> **To do**: Transcribe the whole listing below without changing a word, but leave out every image.

> **Supplied records**:
══════

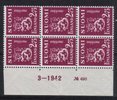 Finland 1940 - N:o block of six 496-3-1942 Coat of arms lion type m30 2,75mk lilac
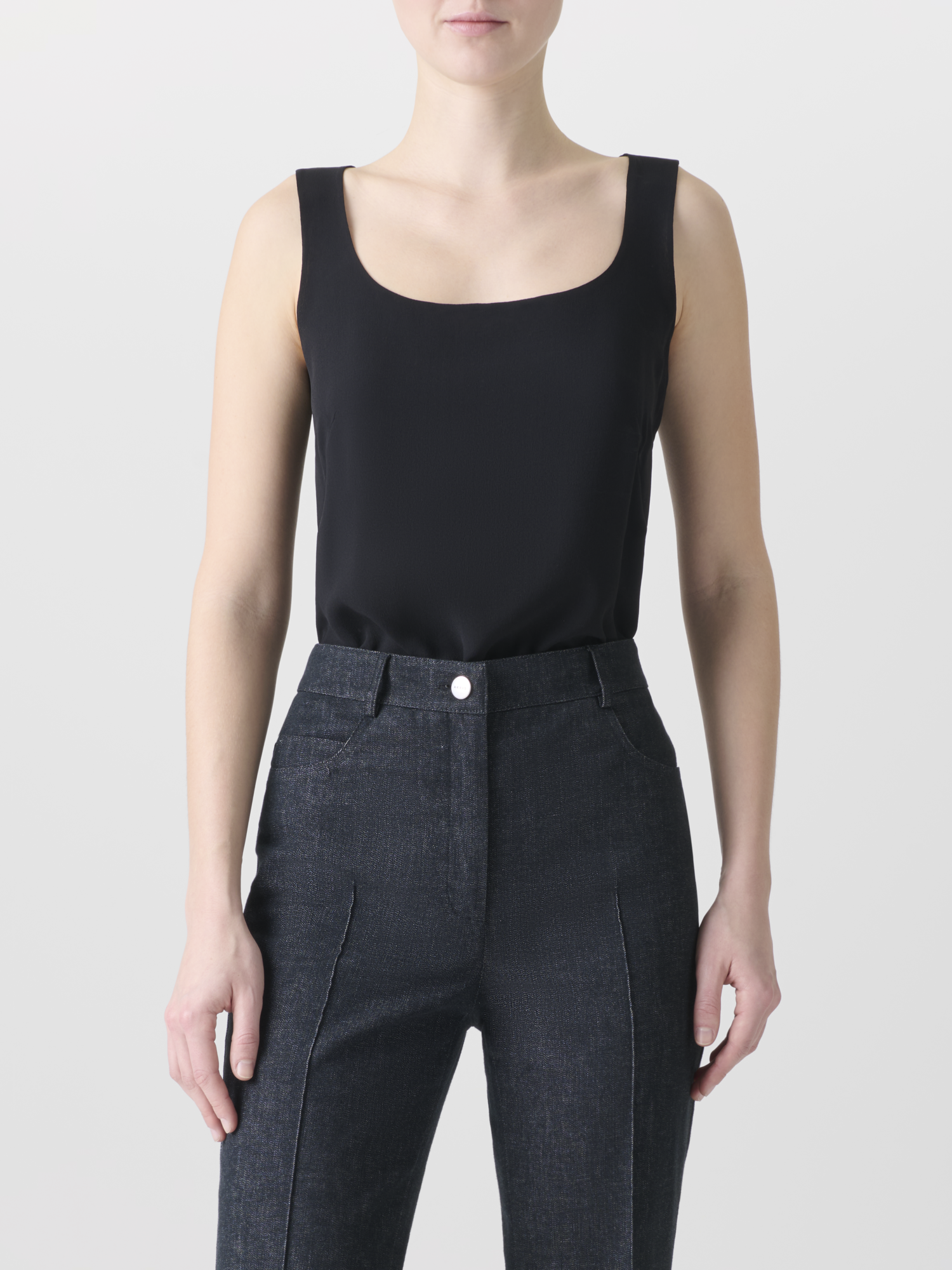 Designer Sleeveless Silk Georgette Top - black 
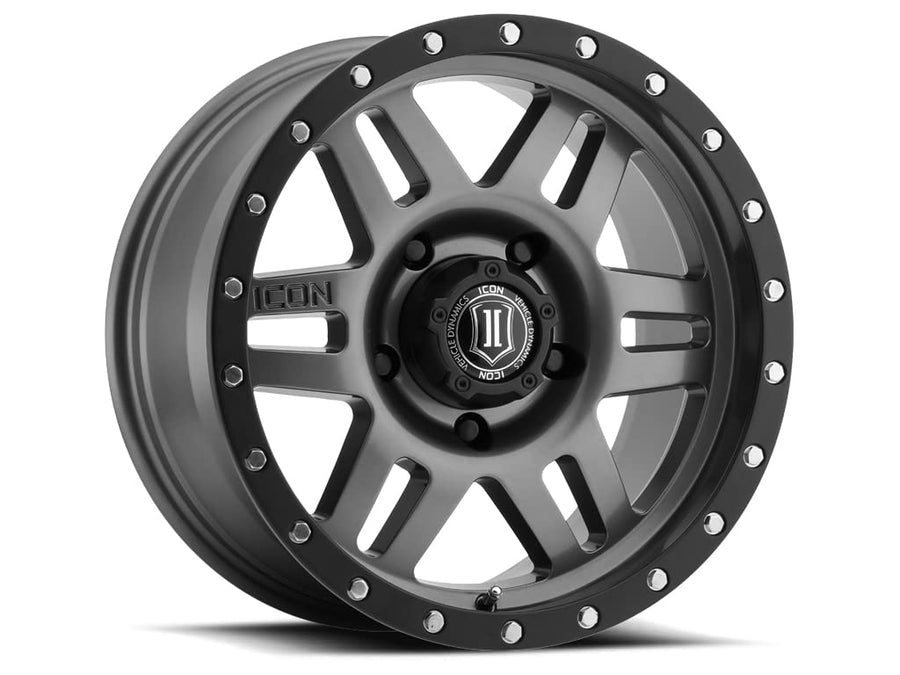 Gun Metal ICON Alloys Six Speed, 17 x 8.5/5 x 5, 6mm Offset, 4.5" BS, 1417857345GM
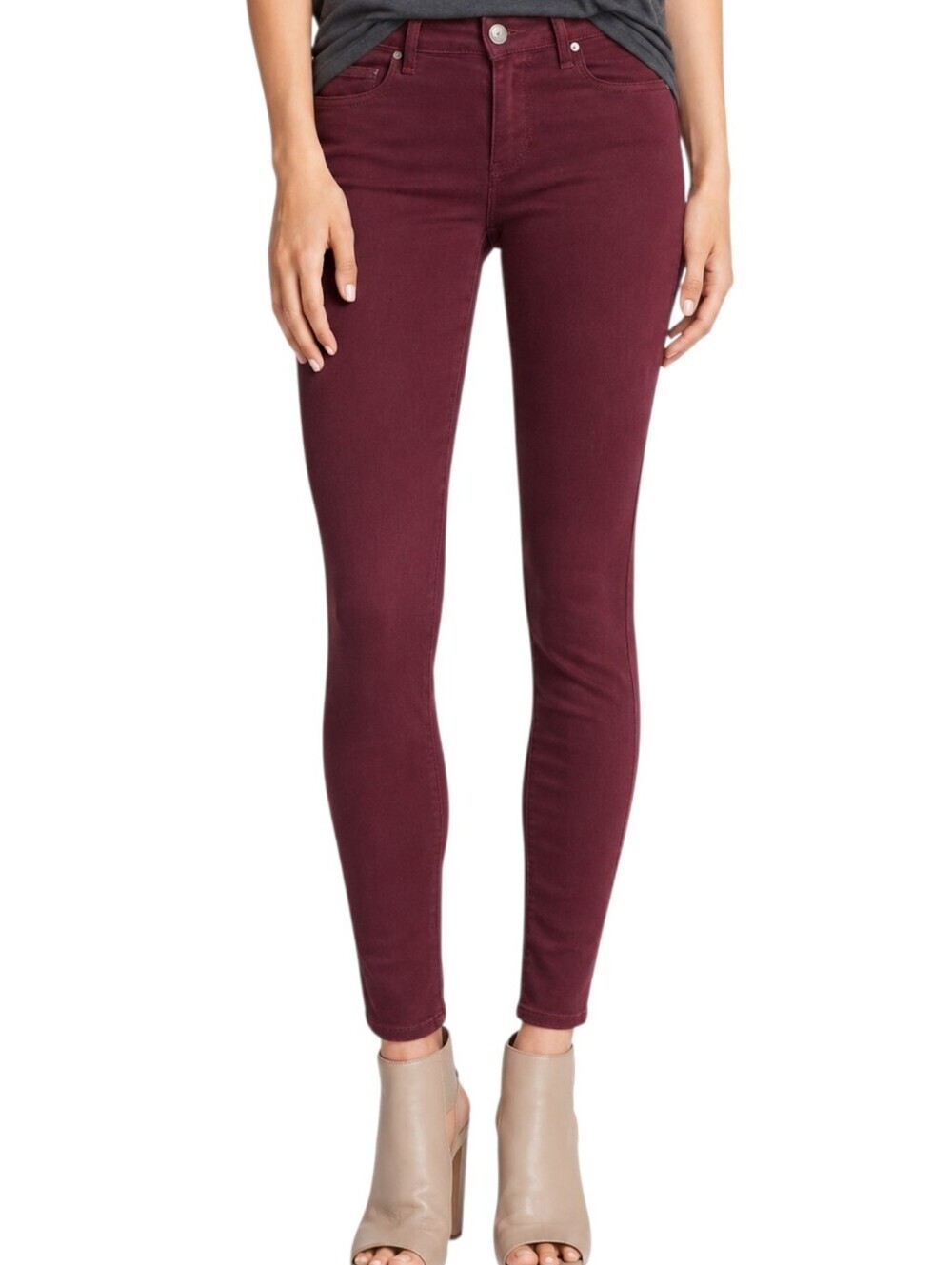 PAIGE Skyline Skinny Jeans Women 28 Burgundy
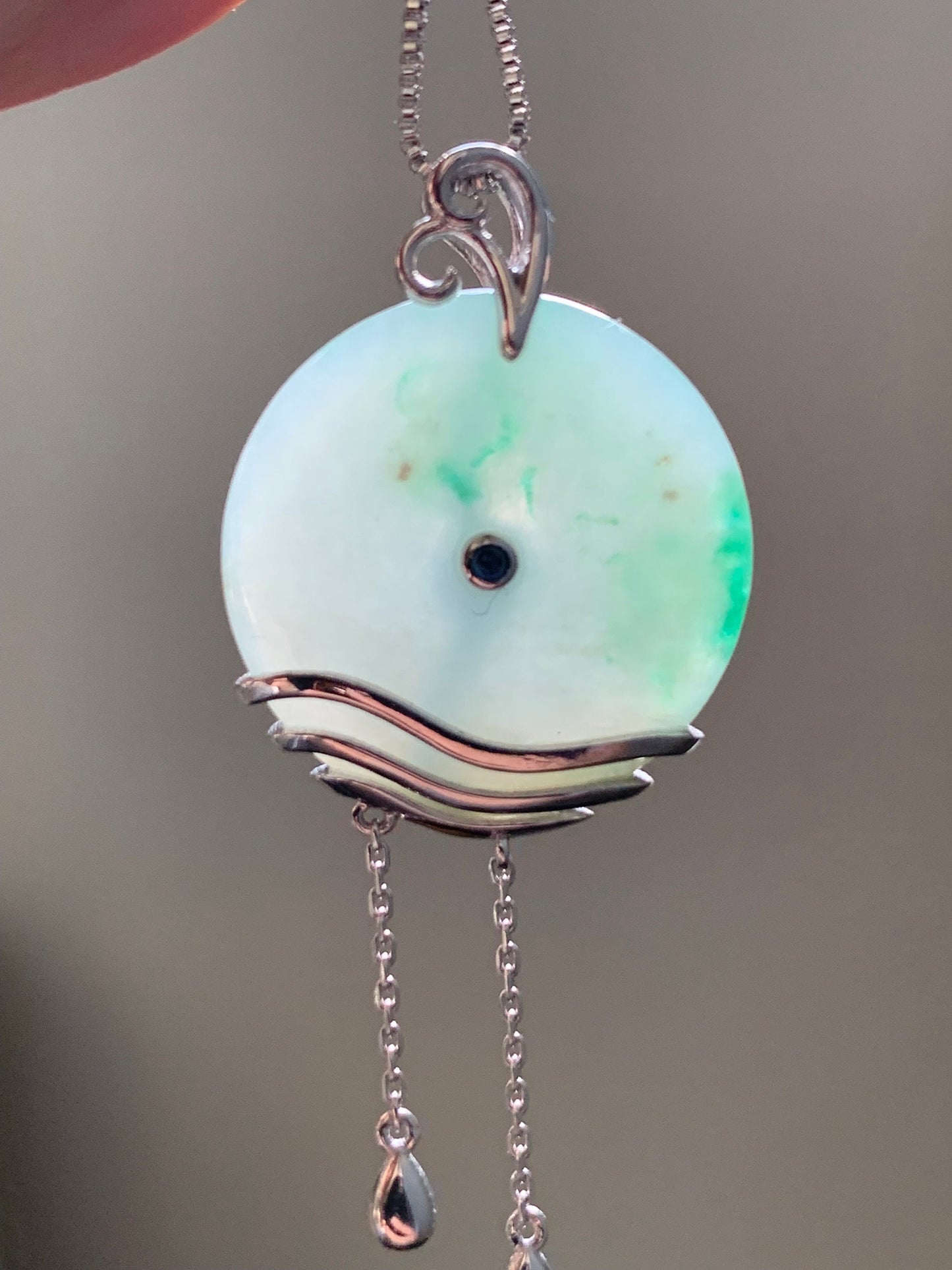 Certified Natural Burmese Translucent Light Green Jadeite Ping An Kou Donut Pendant w/ Blue Sapphire Sterling Silver 天然缅甸细糯飘绿花翡翠平安扣镶嵌吊坠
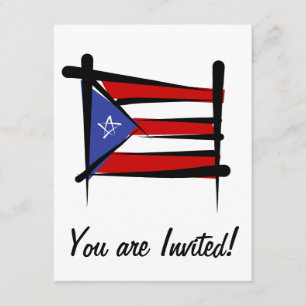 Puerto Rico borstar flagga Inbjudningar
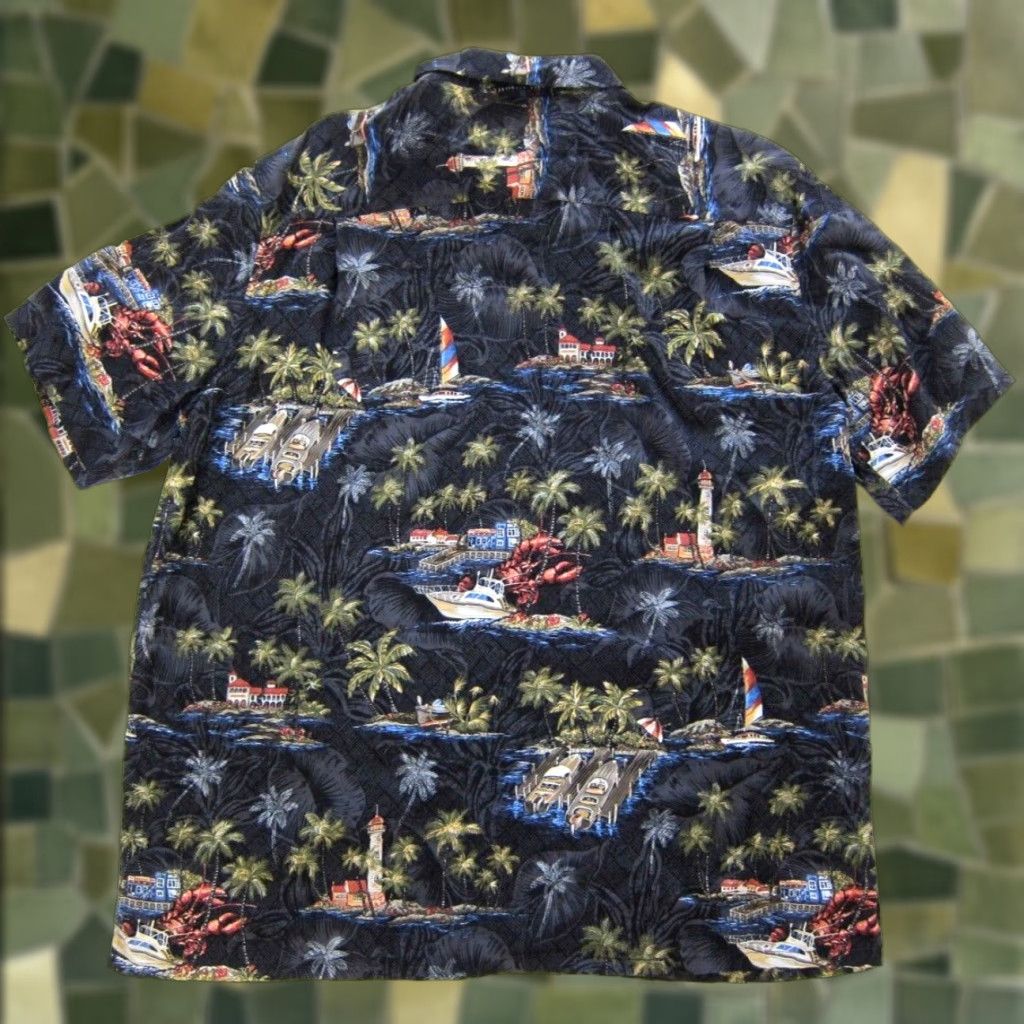 Vintage VINTAGE Batik Bay Hawaiian Shirt Men XL Gray Green Lobster Boat 100% Rayon Button-Up Short Sleeve Floral Pattern Batik Bay Hawaii Shirt Mens XL Size US XL / EU 56 / 4 - 1 Thumbnail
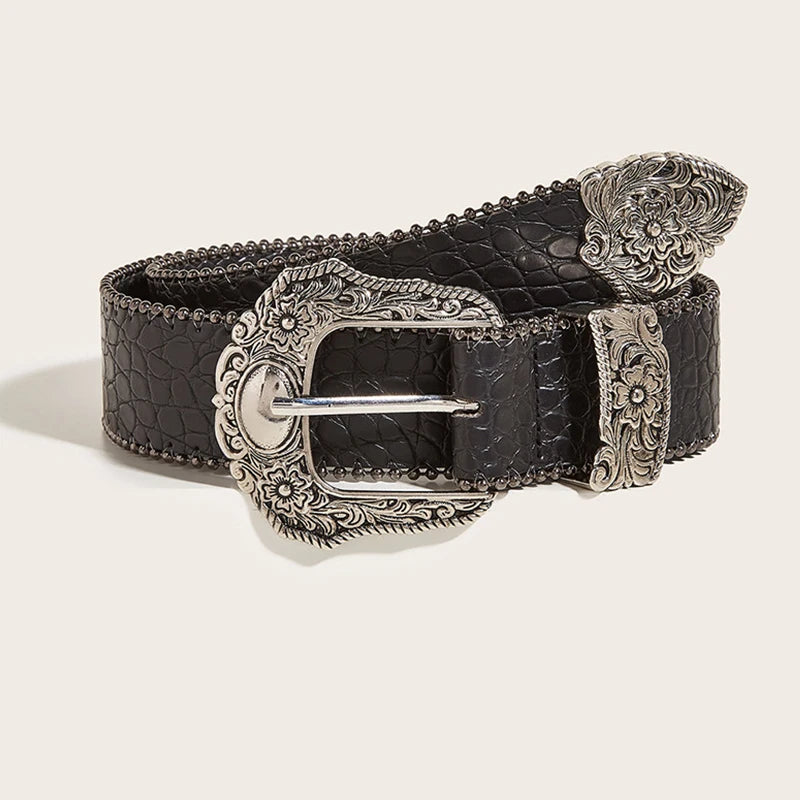 Unisex Gothic Y2K Belt – 3.8cm Luxury Punk Waistband for Men & Women, High-Quality Jeans Accessory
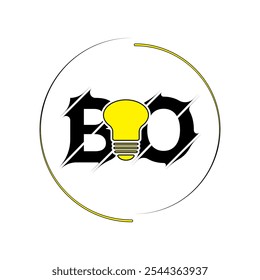 Modern cut style BO letter vector logo design with bulb. Technology concept style logo design.
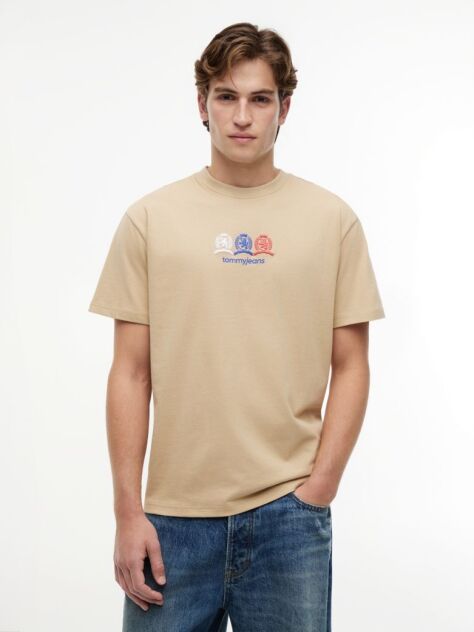 Μπεζ T-Shirt Σε Άνετη Γραμμή Με Λογότυπο Στην Πλάτη  Άνδρες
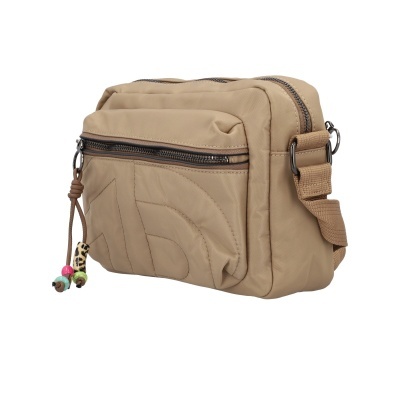 Mala bandoleira bege com padrão acolchoado e fecho de correr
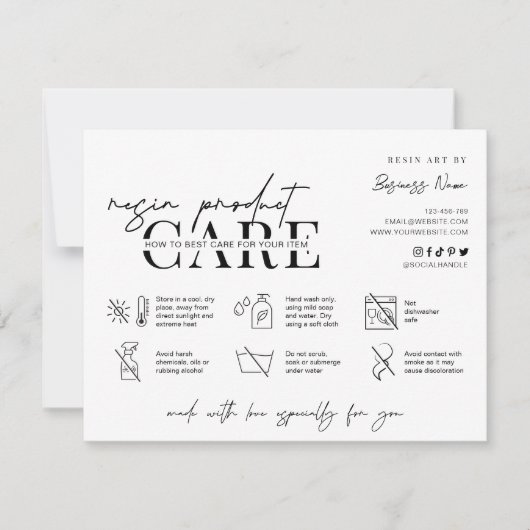 Minimale Logo Epoxy Resin Care Instructions Bedankkaart (Voorkant)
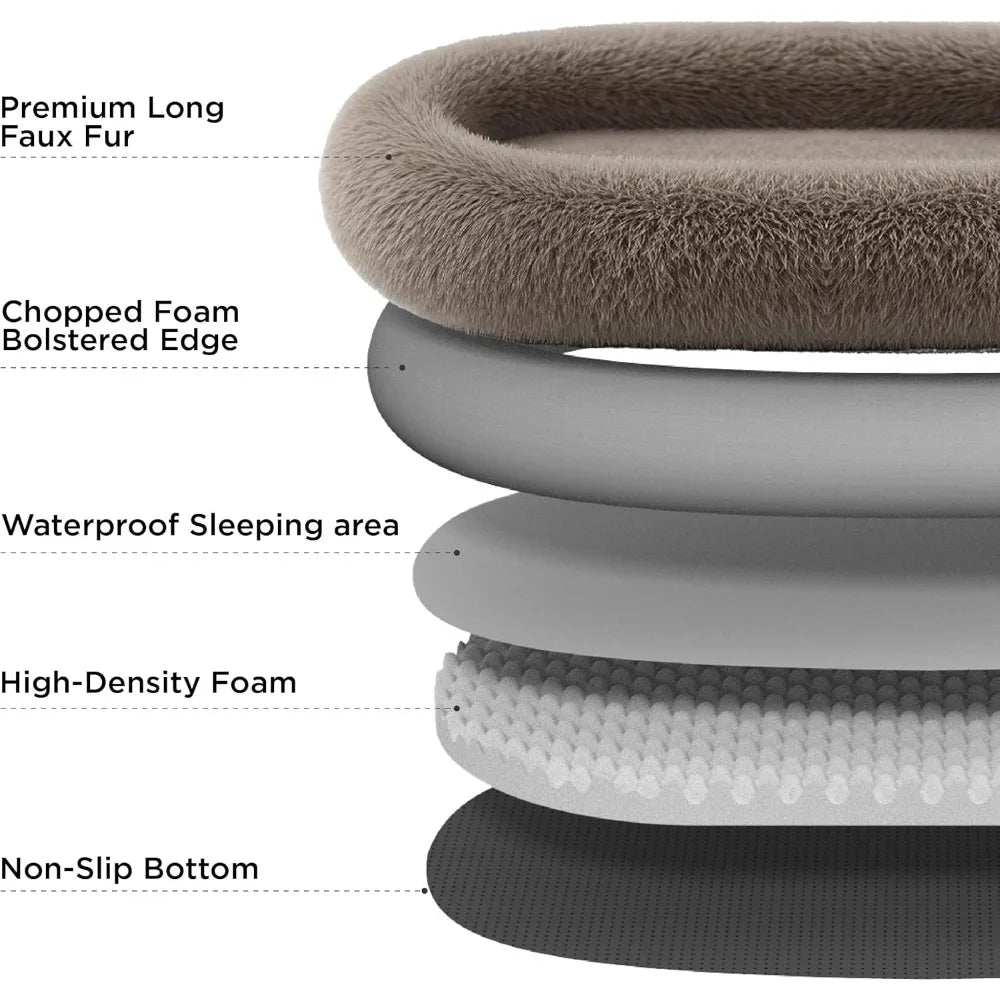 Human Dog Bed, 71.0 x 44.0 x 12.0 Calming Giant Human Dog Bed for Adults People Fits Pet Families with Storage Pocket, F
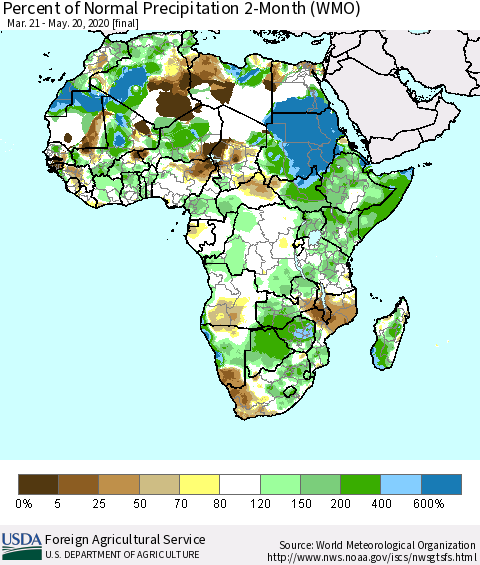 Africa Percent of Normal Precipitation 2-Month (WMO) Thematic Map For 3/21/2020 - 5/20/2020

══════

> **Written solution**:
 Finland 1940 - N:o block of six 496-3-1942 Coat of arms lion type m30 2,75mk lilac
 Designer Sleeveless Silk Georgette Top - black 
 Gun Metal ICON Alloys Six Speed, 17 x 8.5/5 x 5, 6mm Offset, 4.5" BS, 1417857345GM
 PAIGE Skyline Skinny Jeans Women 28 Burgundy
 Certified Natural Burmese Translucent Light Green Jadeite Ping An Kou Donut Pendant w/ Blue Sapphire Sterling Silver 天然缅甸细糯飘绿花翡翠平安扣镶嵌吊坠
 Puerto Rico borstar flagga Inbjudningar
 Vintage VINTAGE Batik Bay Hawaiian Shirt Men XL Gray Green Lobster Boat 100% Rayon Button-Up Short Sleeve Floral Pattern Batik Bay Hawaii Shirt Mens XL Size US XL / EU 56 / 4 - 1 Thumbnail
 Unisex Gothic Y2K Belt – 3.8cm Luxury Punk Waistband for Men & Women, High-Quality Jeans Accessory
 Modern cut style BO letter vector logo design with bulb. Technology concept style logo design.
 Μπεζ T-Shirt Σε Άνετη Γραμμή Με Λογότυπο Στην Πλάτη  Άνδρες
 Mala bandoleira bege com padrão acolchoado e fecho de correr
 Minimale Logo Epoxy Resin Care Instructions Bedankkaart (Voorkant)
 Human Dog Bed, 71.0 x 44.0 x 12.0 Calming Giant Human Dog Bed for Adults People Fits Pet Families with Storage Pocket, F
 Africa Percent of Normal Precipitation 2-Month (WMO) Thematic Map For 3/21/2020 - 5/20/2020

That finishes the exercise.